-------- DATA IN THIS EXERCISE

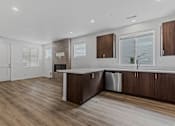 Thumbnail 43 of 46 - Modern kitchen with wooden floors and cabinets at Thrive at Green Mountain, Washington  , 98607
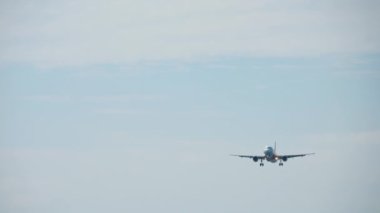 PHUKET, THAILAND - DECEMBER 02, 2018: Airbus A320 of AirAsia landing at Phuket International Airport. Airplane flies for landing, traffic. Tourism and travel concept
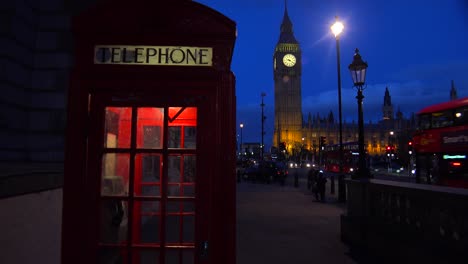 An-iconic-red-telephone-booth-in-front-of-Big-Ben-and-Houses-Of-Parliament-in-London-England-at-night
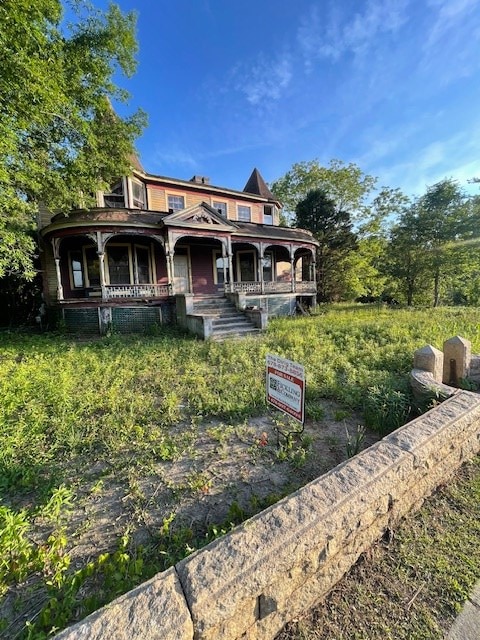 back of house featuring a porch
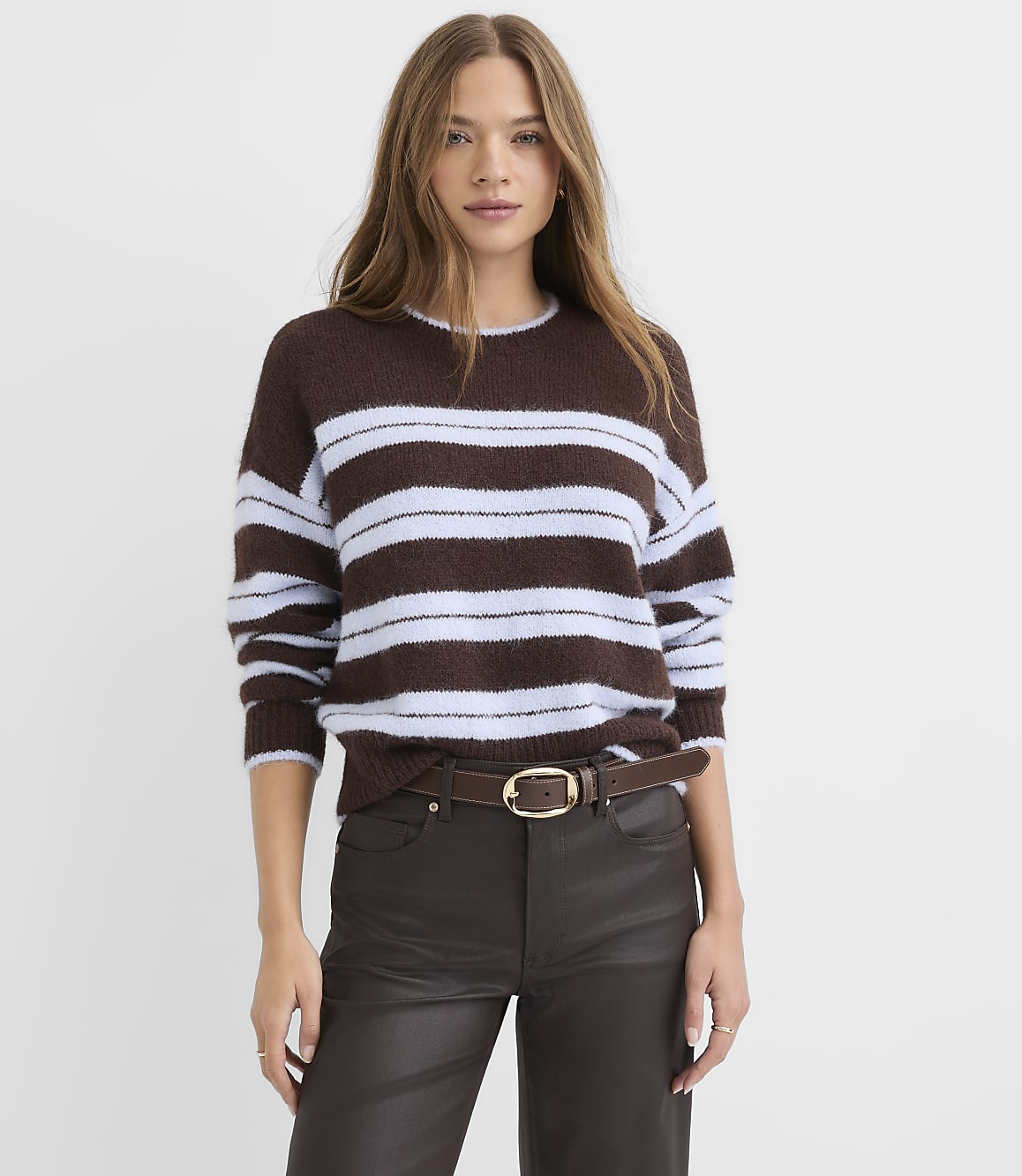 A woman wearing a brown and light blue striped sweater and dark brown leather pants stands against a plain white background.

----------------
-------- DATA IN THIS EXERCISE

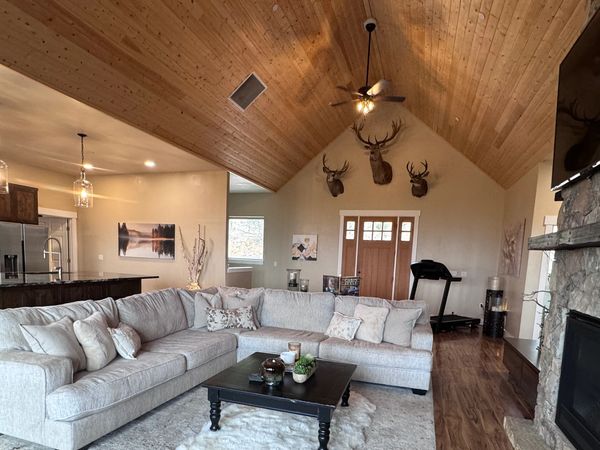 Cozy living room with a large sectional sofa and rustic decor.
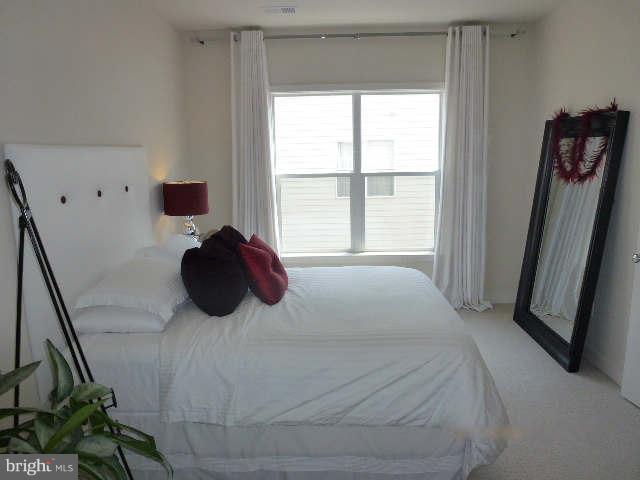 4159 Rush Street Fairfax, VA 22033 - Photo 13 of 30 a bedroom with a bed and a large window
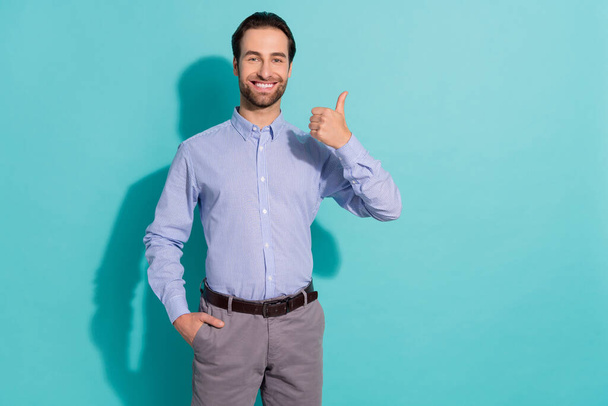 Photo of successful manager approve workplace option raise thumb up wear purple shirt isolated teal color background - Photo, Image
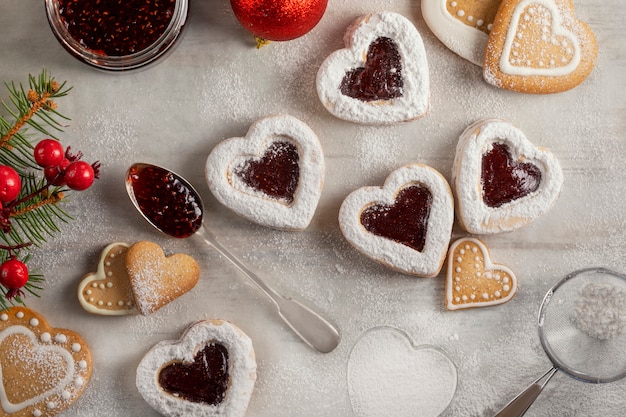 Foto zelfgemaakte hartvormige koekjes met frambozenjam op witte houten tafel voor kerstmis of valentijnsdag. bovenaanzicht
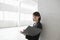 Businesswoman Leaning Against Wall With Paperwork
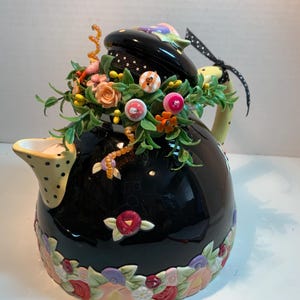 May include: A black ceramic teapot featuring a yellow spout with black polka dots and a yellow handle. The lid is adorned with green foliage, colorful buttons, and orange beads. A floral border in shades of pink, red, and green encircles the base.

----------------

◆ **WHAT THE TASK ASKS**
Above are records with pictures. Reproduce exactly only the lines from the line with "Thumbnail 43 of" through the line with "A woman wearing", both ends included, and leave the pictures out.

◆ **WRITTEN ANSWER**
 Thumbnail 43 of 46 - Modern kitchen with wooden floors and cabinets at Thrive at Green Mountain, Washington  , 98607
 PHUKET, THAILAND - DECEMBER 02, 2018: Airbus A320 of AirAsia landing at Phuket International Airport. Airplane flies for landing, traffic. Tourism and travel concept
 An-iconic-red-telephone-booth-in-front-of-Big-Ben-and-Houses-Of-Parliament-in-London-England-at-night
 back of house featuring a porch
 A woman wearing a brown and light blue striped sweater and dark brown leather pants stands against a plain white background.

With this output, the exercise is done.